ポートレートコラム
吉岡 諒
Photo/Write : Tetsuya Hara
いつも一緒のインタビュアーと私が彼の会社のエントランスで軽く談笑をしていると彼が現れた。私は彼の顔をみた。一見すると普通に見えるが、どこか不思議な雰囲気がある男だった。ここにいるようでここにはいない。たとえて言うなれば宇宙人のようだ。インタビューが始まった。彼がいきなり、全く理解できない言語で話してくるような気がしたが当然、日本語で話しその話は理路整然たるものであった。インタビューが進むにつれ、彼の持つ考えの基本を知った。それはとてもシンプルなものだった。「人を大切にする」岡山で生まれ育った幼馴染かつ親友との起業、共同経営、社員を信頼する姿勢。出会った人との確かな関係づくり。シンプルであるが、ここまで徹底する事は誰でもできるものではない。そんな彼のエピソードをふたつ紹介したいと思う。ひとつ目はインタビュー中の話しだ。私が彼を左側から撮ろうとした際、私の後ろには壁があり、それ以上引くことができなかった。彼はインタビュー中にも関わらす、それに気がつき、とても自然に私が撮りやすい位置に移動してくれた。もうひとつは後日談になるが、ダイエットに成功した彼が私にオンラインで出来るパーソナルジムを教えてくれた。
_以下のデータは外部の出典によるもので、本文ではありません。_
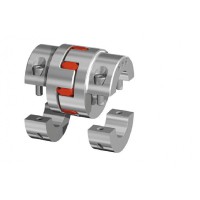 KTR ROTEX GS 無間隙伺服聯(lián)軸器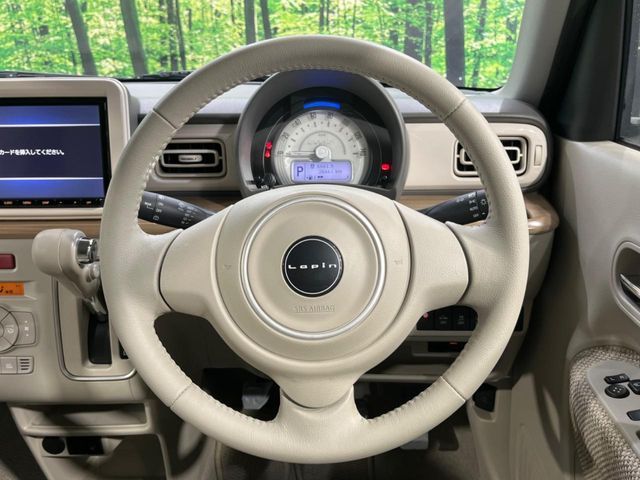 SUZUKI ALTO LAPIN 2018 Image 31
私が入会した事をお礼とともに報告すると彼は何も言わずに私を友達紹介のサービスを受けられるようにしてくれていた。このような彼の気遣いに心から感動した。彼は宇宙人ではなかったのか?私の第一印象は外れたのか?私がそう思っていると、彼が別れ際にある話しを聞かせてくれた。私にとってとても興味深い話だった。その話しで彼が何故、宇宙人に見えたのか少しだけ垣間見た気がしたが、その話はここでは秘密にしておきたいと思う。普通にみえるが、特別な才能を持つ男。彼はこの先このまま大きな存在となっていくだろう。私は彼と知り合えた事に感謝した。